Member states of the World Intellectual Property Office (WIPO) recently approved a new treaty on intellectual property (IP), genetic resources, and traditional knowledge.
WIPO is the United Nations agency “that serves the world’s innovators and creators, ensuring that their ideas travel safely to the market and improve lives everywhere.”
The treaty follows decades of negotiations and will require that patent applicants in member states whose inventions are based on genetic resources and/or associated traditional knowledge disclose that in their patent applications.
As The Conversation explains,
International law already has protections for genetic resources and traditional knowledge. The 2010 Nagoya Protocol established some rules.
Under the Nagoya Protocol, “users” of genetic resources and associated traditional knowledge must obtain permission from “providers”. “Users” must also come to agreements with “providers” and traditional knowledge holders about sharing the fruits of their research and development activities.
However, the Nagoya Protocol doesn’t cover patents. That’s where the new treaty comes in.
As WIPO explains,
Broadly, where a claimed invention in a patent application is based on genetic resources, each contracting party shall require applicants to disclose the country of origin or source of the genetic resources. Where the claimed invention in a patent application is based on traditional knowledge associated with genetic resources, each contracting party shall require applicants to disclose the Indigenous Peoples or local community, as applicable, who provided the traditional knowledge.
Genes, such as those in medicinal plants, agricultural crops, and animal breeds are the products of nature and can’t be directly protected as IP. However, inventions developed using natural components can be protected as IP — often via a patent.
Some genetic resources are associated with the traditional knowledge of Indigenous Peoples and other local communities.
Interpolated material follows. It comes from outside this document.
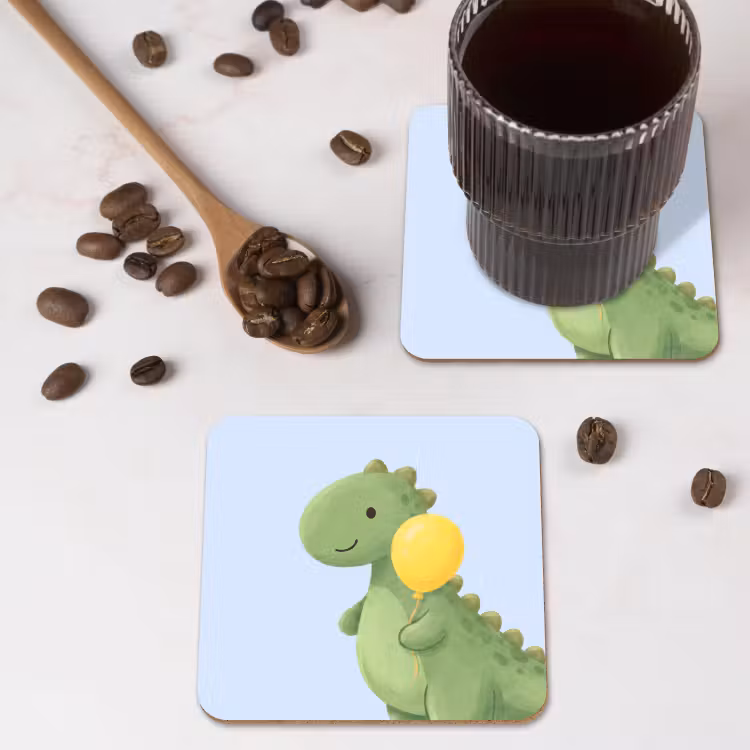 Coaster - Dinosaur - Balloon - Children's Room - Illustration - Green — 4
This knowledge may also contribute to the development of a patented invention.
The new treaty includes the following definitions:
- Genetic Resources (GR) means: “Genetic material of actual or potential value” but not including “human genetic resources.”
- A claimed invention is “based on” GR or traditional knowledge if they “must have been necessary for the claimed invention” and, “the claimed invention must depend on the specific properties of the genetic resources and/or on the traditional knowledge.”
Traditional Knowledge (TK) isn’t expressly defined by the treaty but has been previously defined by WIPO to include “knowledge, know-how, skills and practices that are developed, sustained and passed on from generation to generation within a community, often forming part of its cultural or spiritual identity.”
The treaty is in response to concerns about “biopiracy” – the misappropriation of genetic resources and traditional knowledge from indigenous peoples and local communities, often in developing countries and usually without permission from, or compensation to, those indigenous peoples and local communities.
Some examples of alleged biopiracy include patents on:
- wound-healing properties of turmeric
- extracts of the African “Hoodia” cactus
- the Amazonian “ayahuasca” vine
As The Conversation noted,
In one case a US company patented derivatives of the neem tree as pesticides, when the plant’s properties were already well known to local communities in India.
The Treaty will come into force once there are 15 contracting parties.
Signatory countries must also create effective and proportional sanctions for failure to disclose.
However, the national laws enacting the treaty can’t “revoke, invalidate, or render unenforceable” a patent that’s already been issued “solely on the basis of an applicant’s failure to disclose” unless there’s evidence of “fraudulent conduct or intent.”
Also, the treaty obligations aren’t retroactive.